Currently, I am sending a large JSON string to a node express endpoint that is set up like this:
import bodyParser from 'body-parser';
const app = express();
const jsonParser = bodyParser.json({ limit: '4mb' });
const databaseUri = '<db connection string>';
const databaseClient = new MongoClient(databaseUri);
app.use(cors());
app.post('/fillDatabase', jsonParser, async (request, response) => {
const subjects = request.body;
console.log(`Filling database with ${subjects.length} subjects`);
const database = databaseClient.db('wanikani_db');
const subjectsTable = database.collection('subjects');
const result = await subjectsTable.insertMany(subjects).then((response) => {
console.log('inserted ' + response.insertedCount + ' subjects');
}).catch(() => {
console.log('failed to insert subjects');
}).finally(() => {
console.log('finally after inserting subjects');
});
});
After posting the JSON string, the function in the endpoint runs successfully to completion but the request does not finish. A stack trace is displayed with an error message:
SyntaxError: Bad control character in string literal in JSON at position 289
at JSON.parse (<anonymous>)
at parse (/Users/maxc/Documents/repos/wanikani-flashcards/backend/node_modules/body-parser/lib/types/json.js:92:19)

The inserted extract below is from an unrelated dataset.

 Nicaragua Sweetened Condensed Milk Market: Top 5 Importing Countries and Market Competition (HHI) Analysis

at /Users/maxc/Documents/repos/wanikani-flashcards/backend/node_modules/body-parser/lib/read.js:128:18
at AsyncResource.runInAsyncScope (node:async_hooks:206:9)

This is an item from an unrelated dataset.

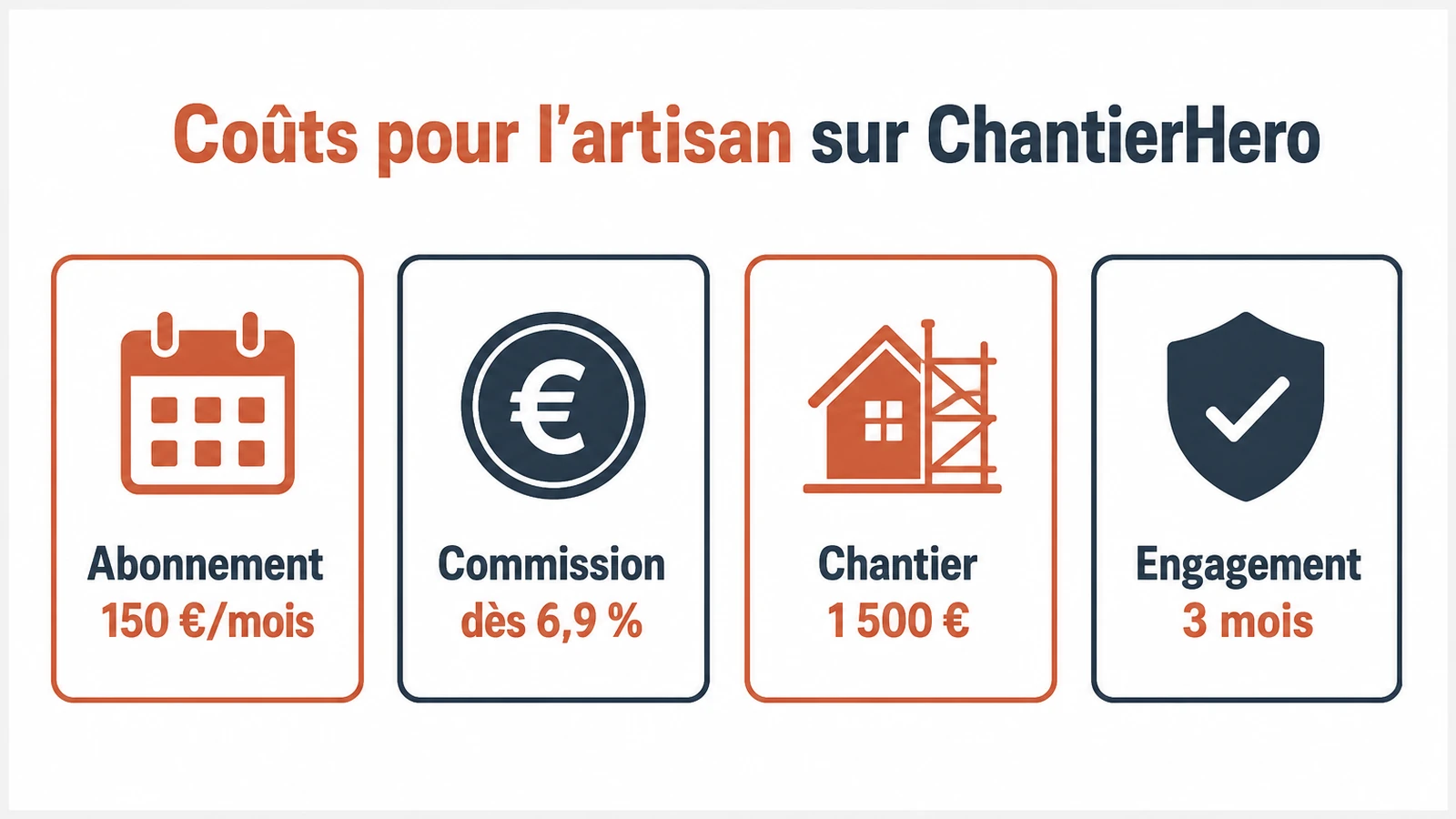 Schéma du modèle économique : devis gratuit pour le particulier financé par l’artisan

at invokeCallback (/Users/maxc/Documents/repos/wanikani-flashcards/backend/node_modules/raw-body/index.js:238:16)
at done (/Users/maxc/Documents/repos/wanikani-flashcards/backend/node_modules/raw-body/index.js:227:7)
at IncomingMessage.onEnd (/Users/maxc/Documents/repos/wanikani-flashcards/backend/node_modules/raw-body/index.js:287:7)
at IncomingMessage.emit (node:events:514:28)
at endReadableNT (node:internal/streams/readable:1376:12)
at process.processTicksAndRejections (node:internal/process/task_queues:82:21)
The JSON object causing the issue can be found here. The problematic character is located at data -> characters.
The hexadecimal representation of that character is as follows:
000001c0: 2020 2020 2020 2020 2020 2022 6368 6172 "char
000001d0: 6163 7465 7273 223a 2022 e4b8 8022 2c0a acters": "...",.
Position 289 contains the Japanese character 一. Any suggestions on how to handle this specific character and others like it?